Supplied information:
* * * * * * *

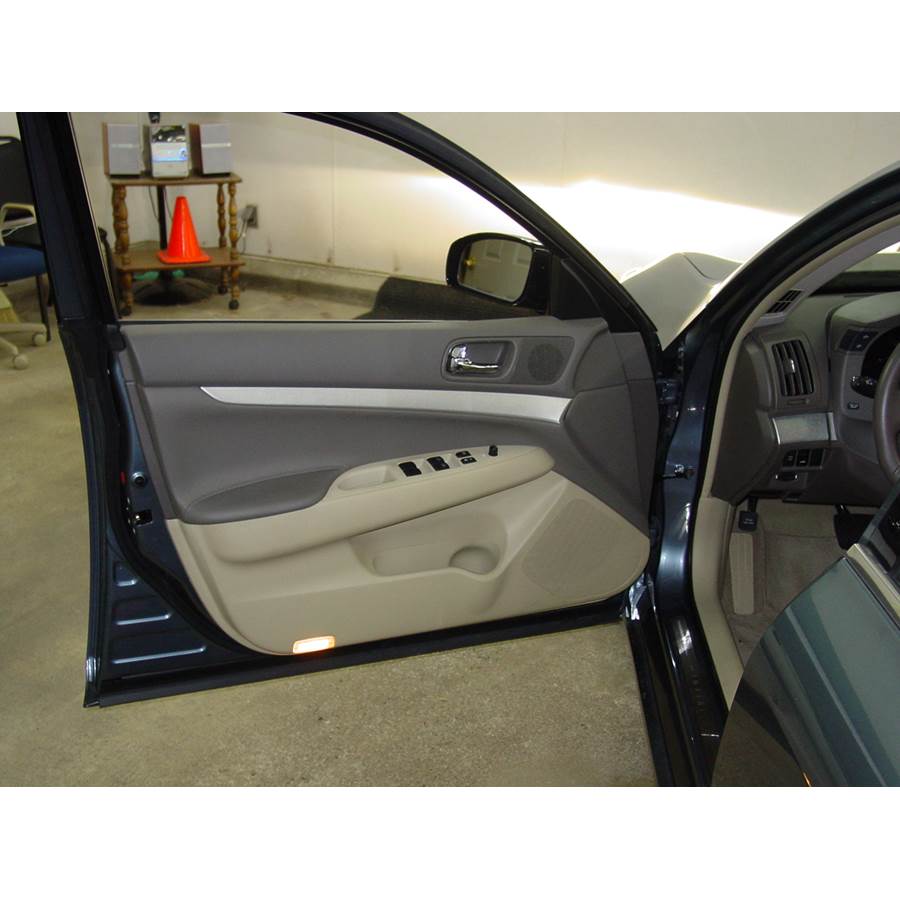 2008 Infiniti G35 Front door speaker location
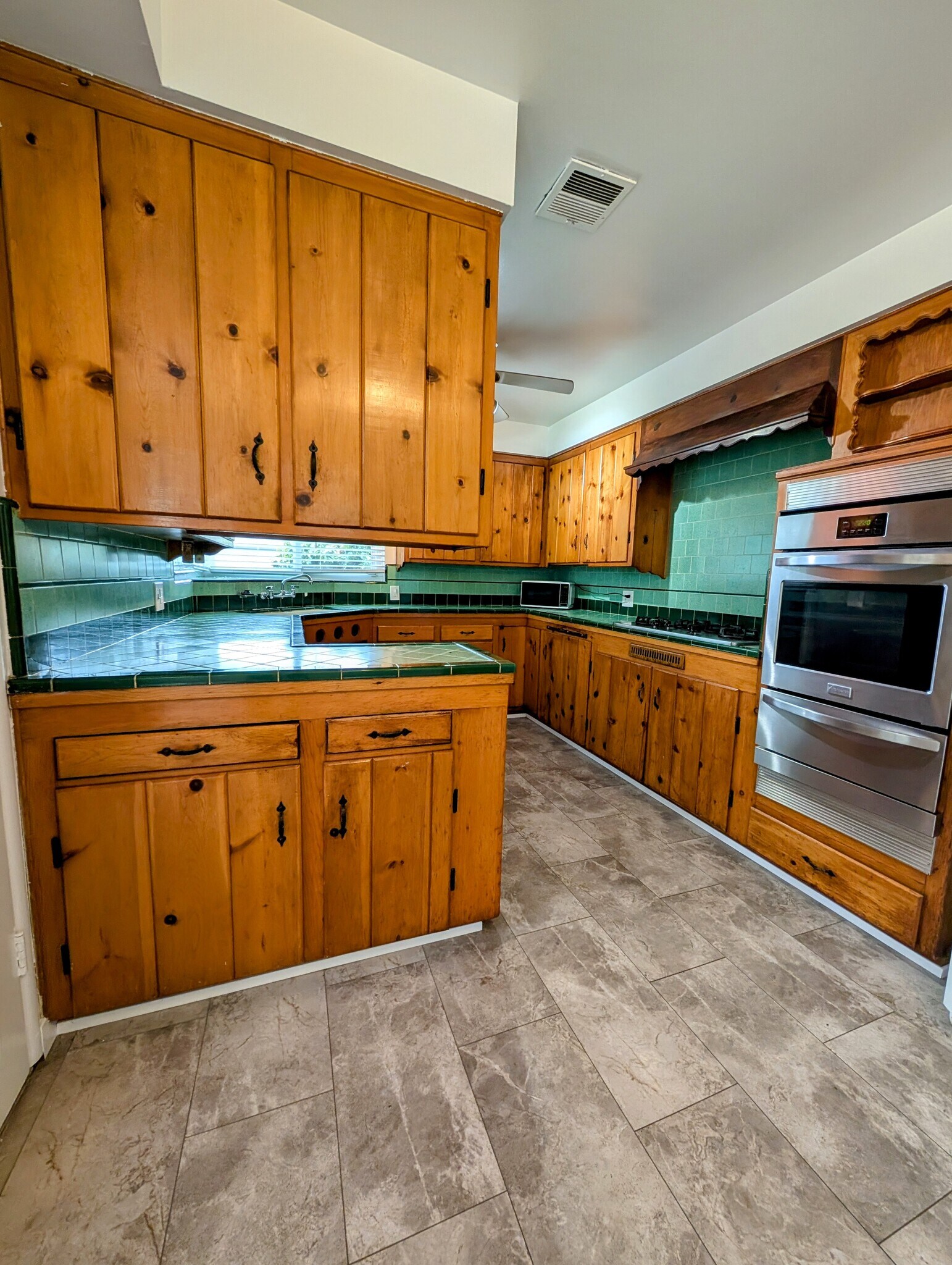 Building Photo - 1308 Claremont Pl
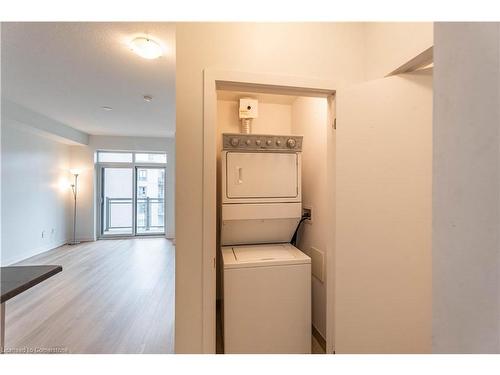 723-2486 Old Bronte Road, Oakville, ON - Indoor Photo Showing Laundry Room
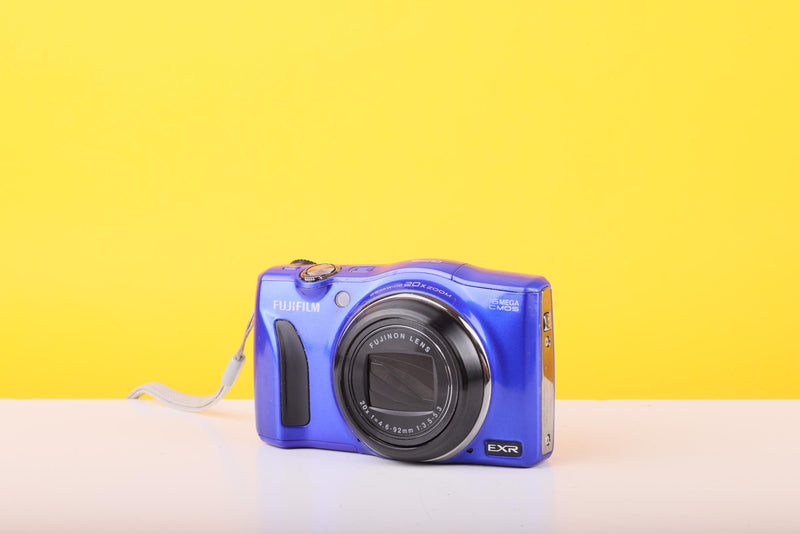 Fujifilm FinePix F770EXR Blue Digital Compact Camera 20x Optical Zoom - boxed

* * * * * * *

Task goal:
Please retype, exactly as they appear, the lines from the one with "723-2486 Old Bronte" through the final line of the material, both included, and drop any pictures.

Solution below:
 723-2486 Old Bronte Road, Oakville, ON - Indoor Photo Showing Laundry Room
 Fujifilm FinePix F770EXR Blue Digital Compact Camera 20x Optical Zoom - boxed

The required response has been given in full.